Dosenku baru saja
keluar dari ruang studioku. Wajahnya kecewa melihat jumlah kursi yang kosong
lebih banyak dari biasanya. Maaf bu, kami baru saja ngeprint. Begitulah tutur
kami. Tapi ibu hanya ingin melihat progress, begitulah ujarnya.
Bu, menyesal, sungguh
menyesal, inginnya lebih baik. Aku punya alasan. Waktu yang lalu kuhabiskan
berbaring dan berpejam mata. Hanya karena 2 hari ini mata, telinga, tenggorokan
mengalami radang. Aktivitas apapun terganggu karenanya. Menyesal bu sungguh
menyesal kenapa sakit harus datang.
Sore ini kubuka
laptop selepas Ibu tadi keluar. Hendak refreshing sebentar membuka facebook.
Melihat update-an terbaru siapa tau ada hal yang sangat menarik dan lucu. Tapi
kalimat ini yang pertama kali kubaca :
Maka nikmat Tuhan
mu yang manakah yang engkau dustakan?
Yah, salah satu
teman mayaku mensharing postingan tentang perjuangan pedagang tuna daksa.
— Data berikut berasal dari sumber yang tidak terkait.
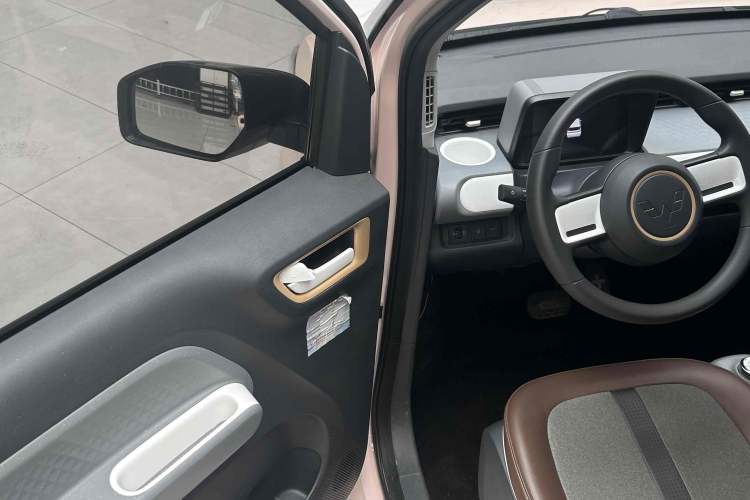 Used Wuling Hongguang MINIEV 2022 GAMEBOY 300km Enthusiast Model with Lithium Iron Phosphate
Ketika beliau di usia produktifnya tak behenti berjuang walau dalam
keterbatasan. Kacang 1000, Pulsa elektrik, Pulsa listrik. Slogan dalam kertas
yang entah berapa usianya hingga terlihat lusuh. Berbekal tulisan ini beliau
berkeliling dengan kursi rodanya sepanjang jalan.
Maka nikmat Tuhan
mu yang manakah yang engkau dustakan?
Kalimat ini sangat
menyentuh hatiku dan terus terngiang. Kejadian studio sore ini tak ada
bandingannya dengan kejadian sang tuna daksa. Sakitku tak ada bandingannya
dengan derita sang tuna daksa. Nikmat karunia yang kurasakan sangat cukup dan
lebih. Hanya sakit sedikit nikmat yang berkurang, tidak seberapa, hanya 2 hari
saja. Bukan separuh atau seumur hidupku.
Memutar kembali
ingatan terdahulu. Sering kali aku melihat orang-orang yang mungkin kurang
beruntung. Seketika rasa kurang atas nikmat Tuhan pun sirna saat itu.
"Hamba serba kekurangan, hamba ingin seperti itu, hamba ingin seperti ini,
hamba ingin lebih." Terlalu banyak rasa ketidakcukupan pada diri kita.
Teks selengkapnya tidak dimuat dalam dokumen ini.